THE PROBLEM
Line by line, the data below should be set down unchanged, with images excluded.

INPUT DATA
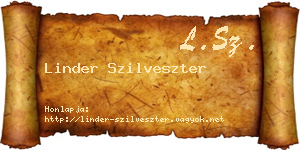 Linder Szilveszter névjegykártya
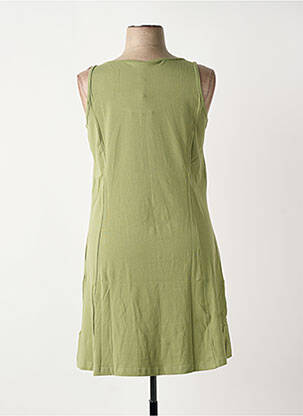 Robe mi-longue sans manche sans manche vert SHEEGO femme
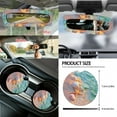 thumbnail image 5 of Yuyamidu Starfish Car Seat Covers Beach Steering Wheel Cover Shell Seatbelt Pad Garbage Can Rearview Mirror Cover Handbrake Cover Set Car Armrest Cover Cup Holders, 14 Piece, 5 of 7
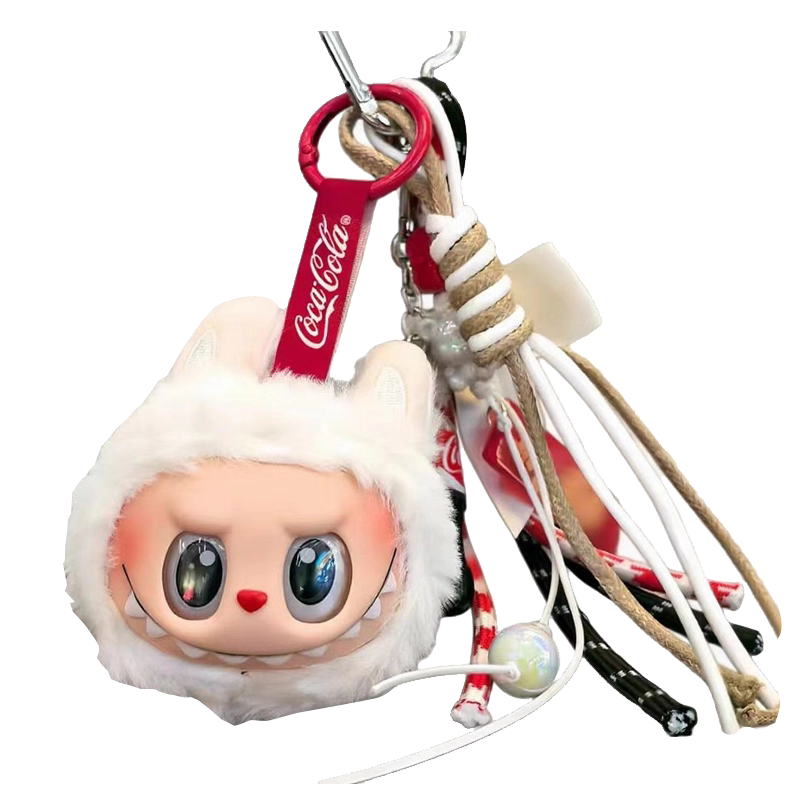 Third Generation Labubu Head THE MONSTERS Big into Energy Series-Vinyl Plush Pendant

SOLUTION TO THIS EXERCISE
 Linder Szilveszter névjegykártya
 Robe mi-longue sans manche sans manche vert SHEEGO femme
 thumbnail image 5 of Yuyamidu Starfish Car Seat Covers Beach Steering Wheel Cover Shell Seatbelt Pad Garbage Can Rearview Mirror Cover Handbrake Cover Set Car Armrest Cover Cup Holders, 14 Piece, 5 of 7
 Third Generation Labubu Head THE MONSTERS Big into Energy Series-Vinyl Plush Pendant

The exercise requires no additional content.